Mormons cannot often take it when someone appears to be making their lives harder by criticizing the church, and there's at least one good reason why: they deserve better than the church is giving them and, knowing that, leadership has nearly the entire membership tranquilized, arresting nearly any spiritual development that doesn't happen on their terms. Last time that happened in this country, a young farmer boy from upstate New York decided to go see God about it and fight to make his faith his own -- and just look what happened to him. 


Another reason: there are few to no good adversaries of Mormons. I'm looking into that. 


Finally, my cousin, you asked if I have the right, in all fairness, to make people's lives harder. As nicely as I can, you are woefully unprepared to demand what's fair. 


You have always, compared to my lot in this world, enjoyed a certain amount of privilege (and while it's not entirely your fault you're in the dark as to why, there are things you can do to educate yourself). A happy marriage, family, getting paid somewhat fairly, being a return missionary -- all of these things, this culture and society will practically hand to you. It's all yours for the asking. But because of my choices, I've been fixed like a moth on a board to my proper place as "a bad apple." Something went wrong on my way out the factory. I will never have any of the blessings you have. My chosen [homo]sexual behavoirs and chosen cultural identity as a queer faggot, as well as my mulatto ethnicity, will always marginalize me to degrees you, unfortunately, aren't immediately aware of. Some choices have even been completely taken from me. 
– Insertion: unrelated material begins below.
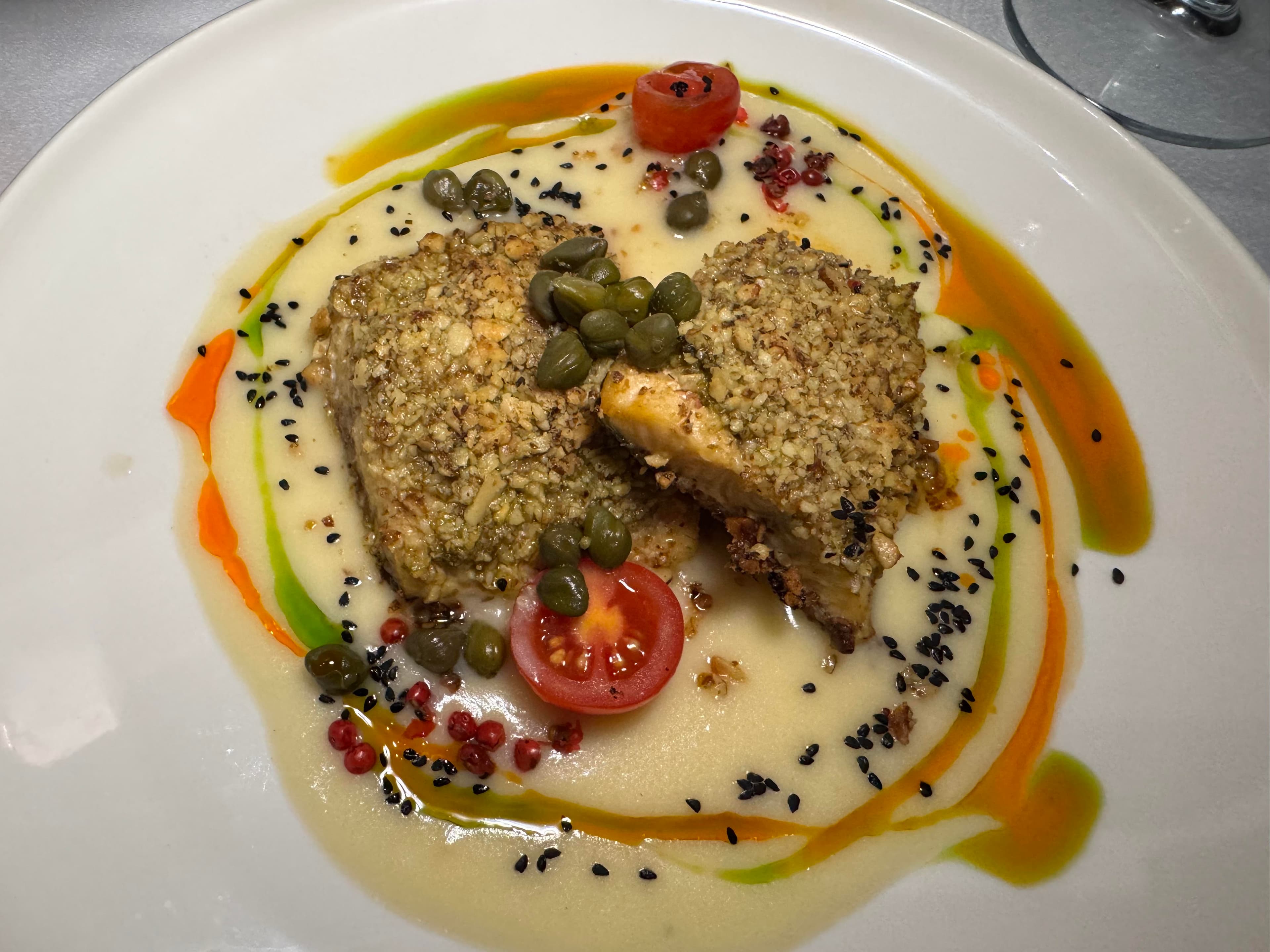 Neretva trout plated over a creamy puree with capers and cherry tomatoes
It may be tough to hear others hate on the only real organization and people you've ever loved but the church and its members have, throughout most of its history, continually made harder the lives of men and women like me, and most certainly in ways that make totally infantile any provocations Mormons feel they've "suffered" from people who oppose or criticize them. 


I love women, I love the cultures of peoples who aren't white or from the U.S. I do not stop talking to someone because they have sex, do drugs, or read Marx. I don't discriminate between so-called "lifestyles" -- those are what the rich have, and I hate the rich. I love any number of things about being truly alive in this world, for as the scripture says, we are that we might have joy. And Mormonism has since its inception attacked women, non-white peoples, sexual deviants, non-nuclear families, knoweldge and wisdom, history, and any number of things that are far more profound than talking smack about a church. And one of these days, Mormons will finally lose all my good graces. 


You don't like questioning something you love, or wondering if it's a horrible thing, but I've been questioning everything about who or what I love my entire life, and it has bore a hole in me through which I will fall for forever. 


I gave the church my life, and nearly completely my love, and the church has done almost nothing but make my life harder -- and it'll continue to get harder as I get older, because it will always be part of me. 


I tried to make a choice to be happy and follow what's in my heart; because of that, I will be punished. 


You have the faith that what's in your heart is aligned with what God wants: turns out, God wants his kingdom fully of white/white-faced, politically conservative and heteronormative males, and I'm none of those things. 


There is no family I will live with forever. I have no glories or blessings to claim, and my inheritance is dust on a wind, compared to yours. I am an eternal orphan, just a kid from yesterday. And so are many others I know who've been in very real pain because of the LDS church. Almost everyone I love most, Mormons cast aside and marginalize. 


You ask if I have the right to make people's lives harder: we'd beg of you, what gives you the guts to even ask.